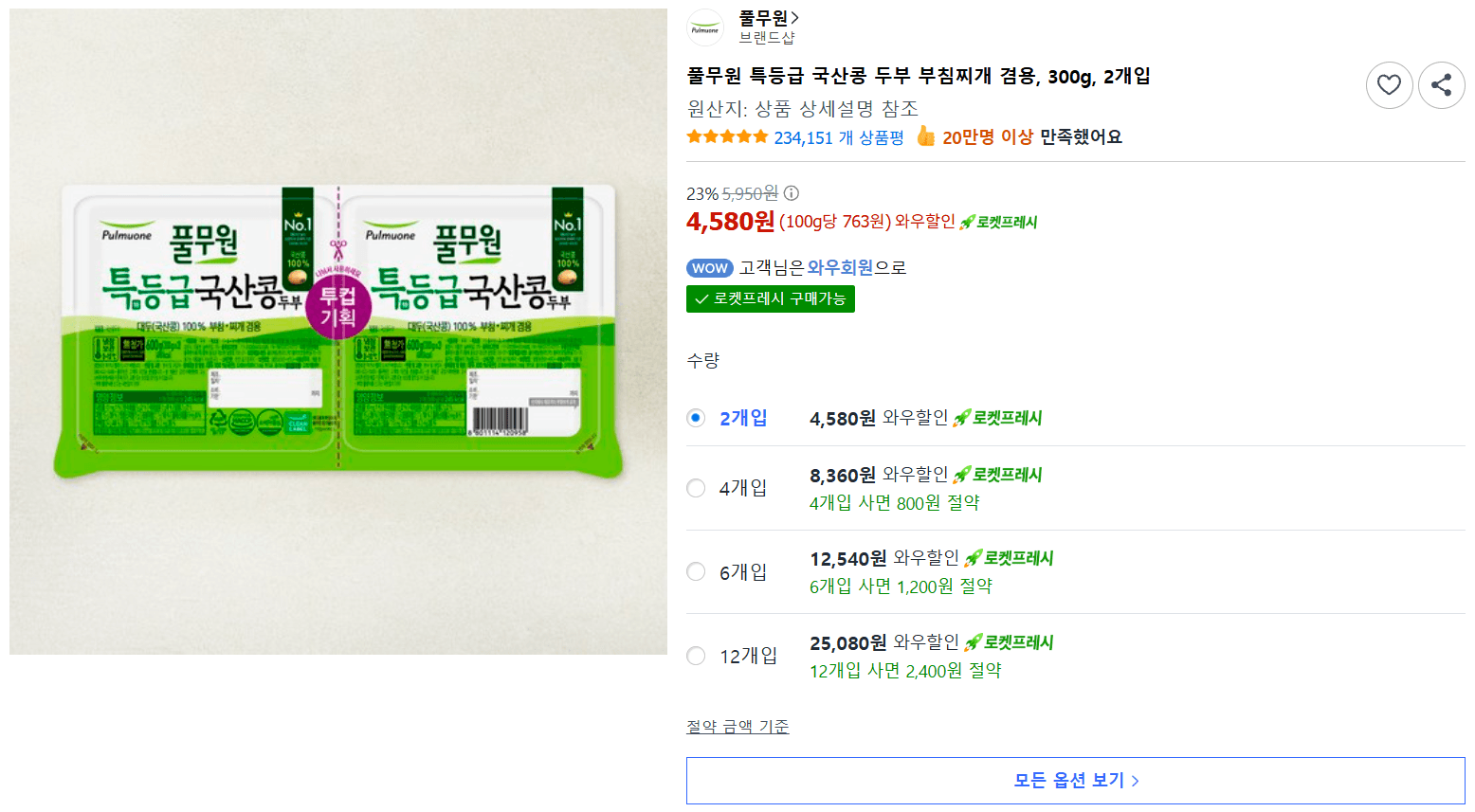 풀무원 국산콩 두부 300g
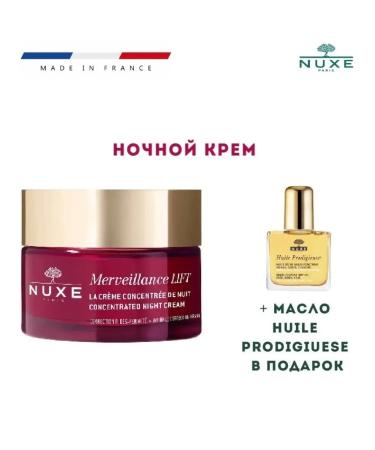 NUXE Merveillance Lift Night Lifting Cream 50ml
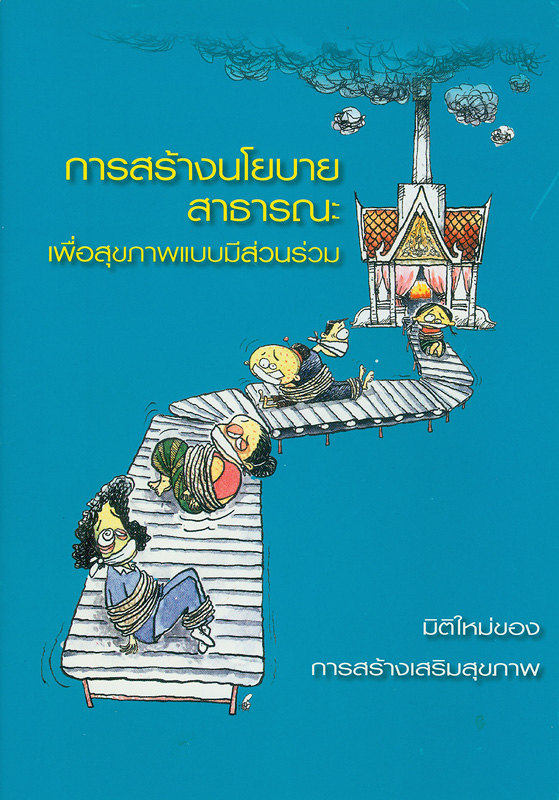  การสร้างนโยบายสาธารณะเพื่อสุขภาพแบบมีส่วนร่วม : มิติใหม่ของการสร้างเสริมสุขภาพ 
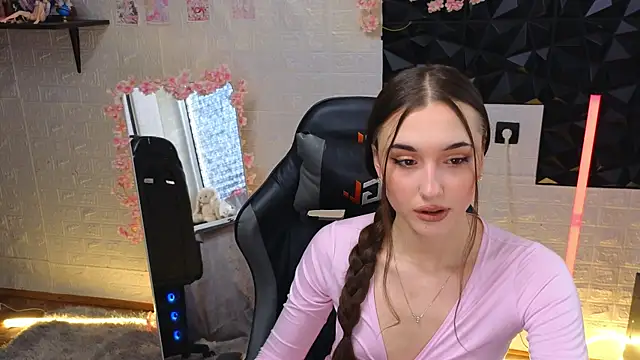 belle cute online show from 8, 4, 2026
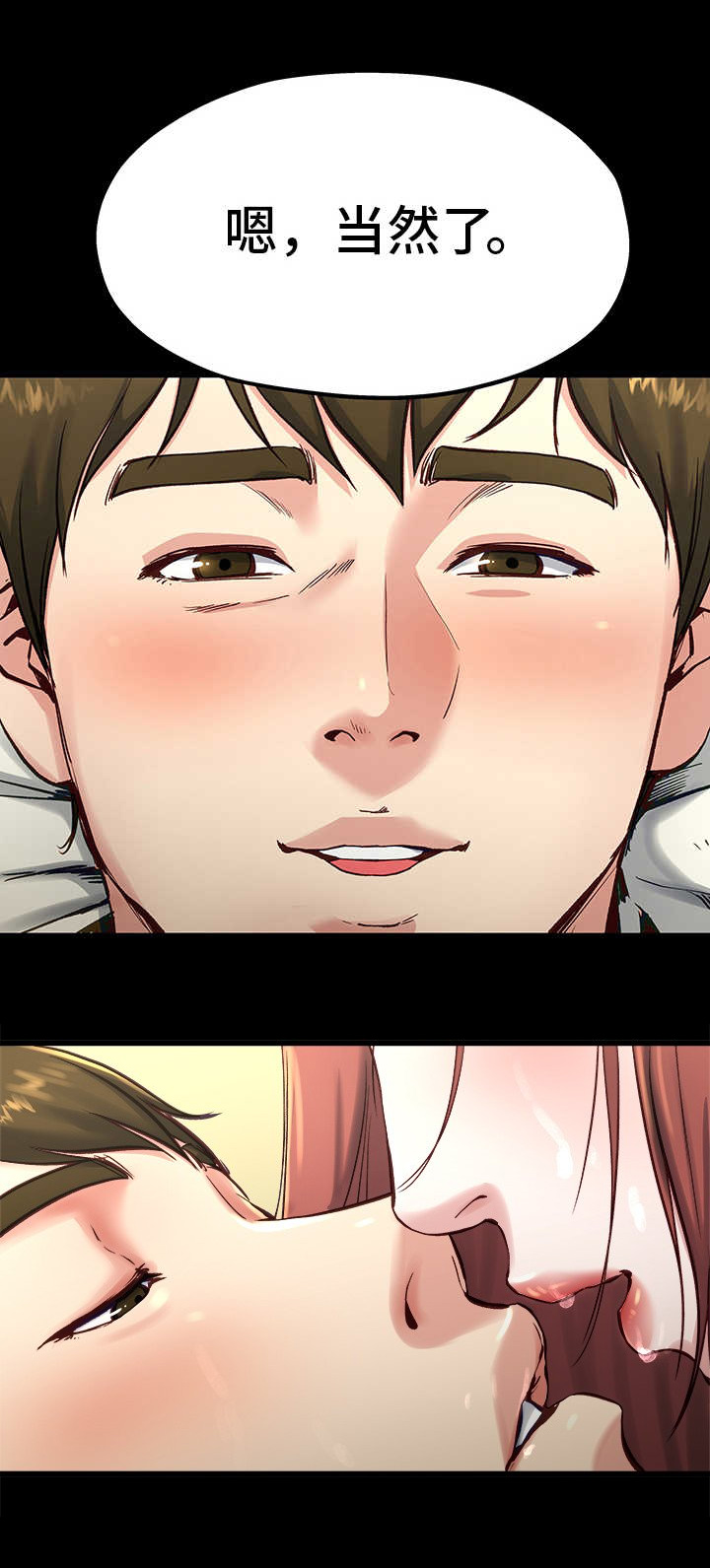 第21话14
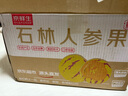 京鮮生 云南石林人參果凈重5斤  單果100g+ 生鮮水果源頭直發(fā)包郵 曬單實(shí)拍圖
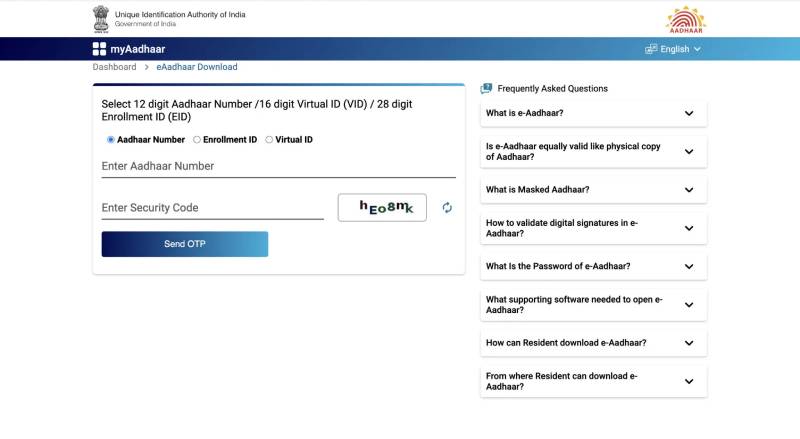 download aadhaar using aadhaar number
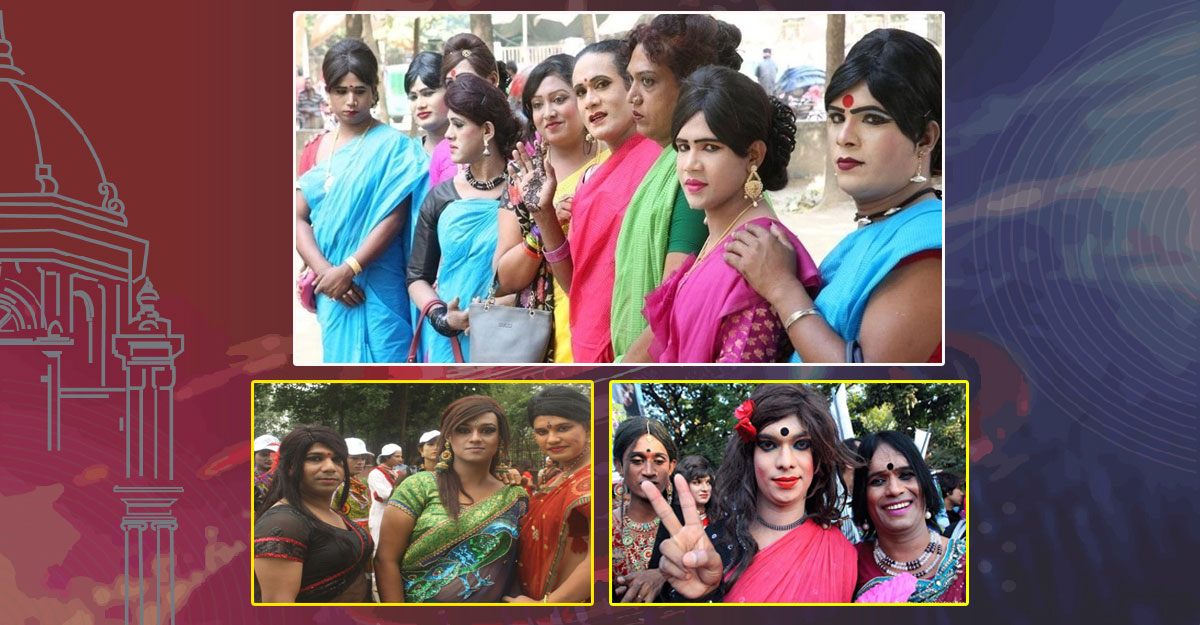 দিনে দিনে ভয়ংকর হয়ে উঠছে হিজড়ারা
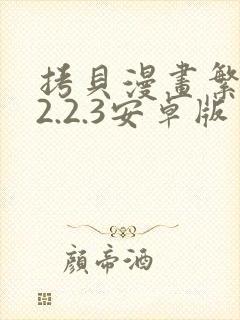 拷贝漫画繁体版2.2.3安卓版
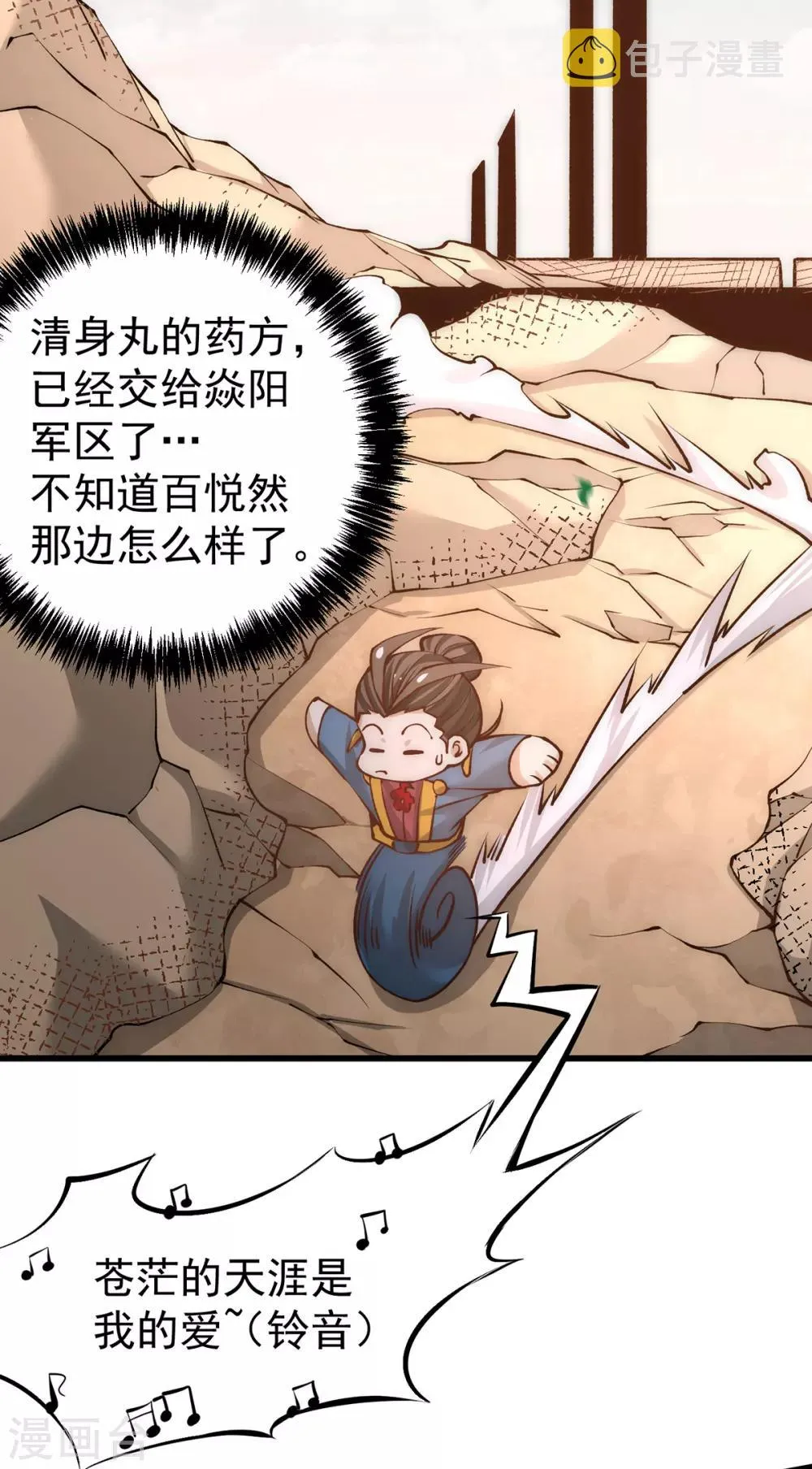 第158话 利刃总教官？ 第40页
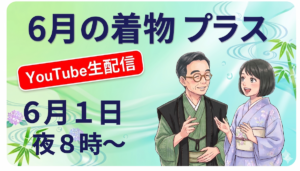 きものサロン和の國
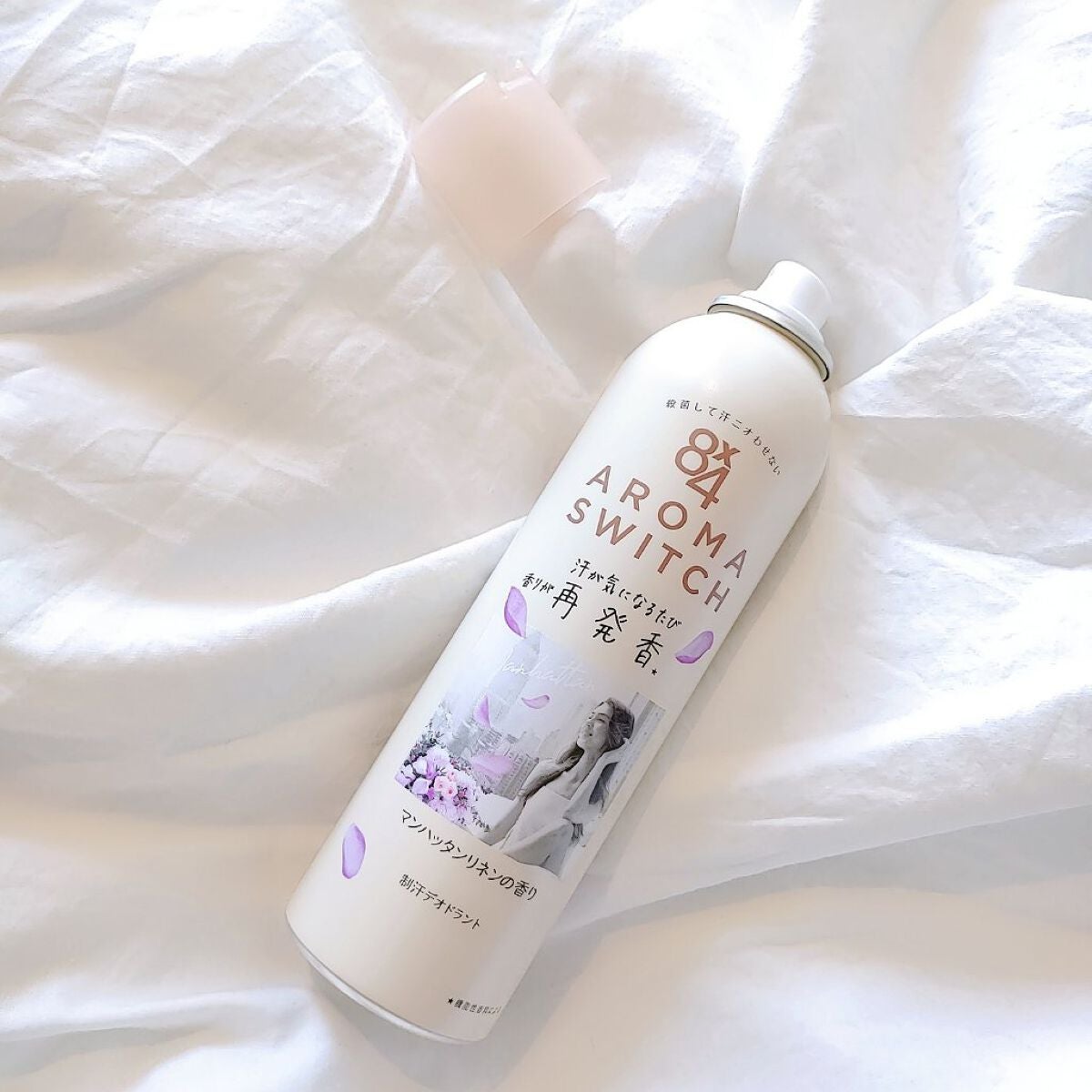 8x4 アロマスイッチ スプレー マンハッタンリネンの香り/8x4/デオドラント・制汗剤を使ったクチコミ(2枚目)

##############################

### [PROBLEM DETAILS]
Set down exactly, and only, the lines from the one holding "belle cute online show from 8, 4, 2026" to the end of the records above, leaving every picture out.

### [RESPONSE BOX]
 belle cute online show from 8, 4, 2026
 第21话14
 京鮮生 云南石林人參果凈重5斤  單果100g+ 生鮮水果源頭直發(fā)包郵 曬單實(shí)拍圖
 download aadhaar using aadhaar number
 দিনে দিনে ভয়ংকর হয়ে উঠছে হিজড়ারা
 拷贝漫画繁体版2.2.3安卓版
 第158话 利刃总教官？ 第40页
 きものサロン和の國
 8x4 アロマスイッチ スプレー マンハッタンリネンの香り/8x4/デオドラント・制汗剤を使ったクチコミ(2枚目)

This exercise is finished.